AGGRESSIONE - In primis, la sua capacità di aggredire il portatore di palla avversario. Probabilmente Strootman è un giocatore meno mobile di Nainggolan, difficilmente lo si vede correre da una parte all’altra del campo senza soluzione di continuità, ma l’olandese sa sempre dove deve stare e si trova sempre dove serve che stia. Il suo primo pressing sul portatore di palla avversario o la sua aggressione sulle seconde palle sono fondamentali per ridurre il campo da percorrere per arrivare alla porta avversaria.
LAVATRICE - Non a caso, Rudi Garcia lo ha consacrato a lavatrice nel postpartita di Roma-Napoli di Coppa Italia: “Quando la squadra è in difficoltà la palla si dà a Kevin. Come una lavatrice, dà sempre la palla pulita”. Chiarissimo il concetto del tecnico della Roma: la capacità di convertire in giocabili palloni anche quasi persi aiuta molto la squadra nel mantenerne il possesso e aumentare le chance offensive a propria disposizione.

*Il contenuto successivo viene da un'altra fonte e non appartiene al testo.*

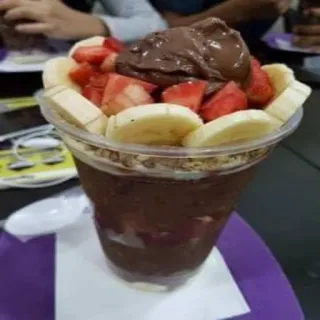 💡 açaí bowl, dolce, frutta, banana, fragola, cioccolato, golosità telegram sticker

QUALITÀ - Il piede sinistro di Kevin Strootman è tutt’altro che ineducato ed è messo a disposizione di un’intelligenza calcistica ben superiore a quella di un normale centrocampista di rottura. Esemplificativo di questo è la partita di Udine, in cui Strootman, dopo 80 minuti di battaglia, diversi dei quali in inferiorità numerica, tiene alta la testa e mantiene il sangue freddo necessario per attendere il momento giusto per cedere a Bradley il pallone poi trasformato dall’americano nel gol del vantaggio.
CARISMA - Last but not least, l’assenza di Strootman ha avuto il suo peso anche sul piano psicologico. Con il suo arrivo, l’olandese ha aiutato il centrocampo della Roma (e anche il resto della squadra) a trasformarsi da un gruppo di qualità ma incompiuto a un’insaziabile macchina da guerra, pronta a mettere sotto chiunque gli si presentasse davanti. Chissà come sarebbe andata in Champions League con il numero 6 in mezzo al campo, chissà quanto il suo ritorno potrà restituire una solidità mentale forse un po’ perduta per strada in questa prima parte di stagione.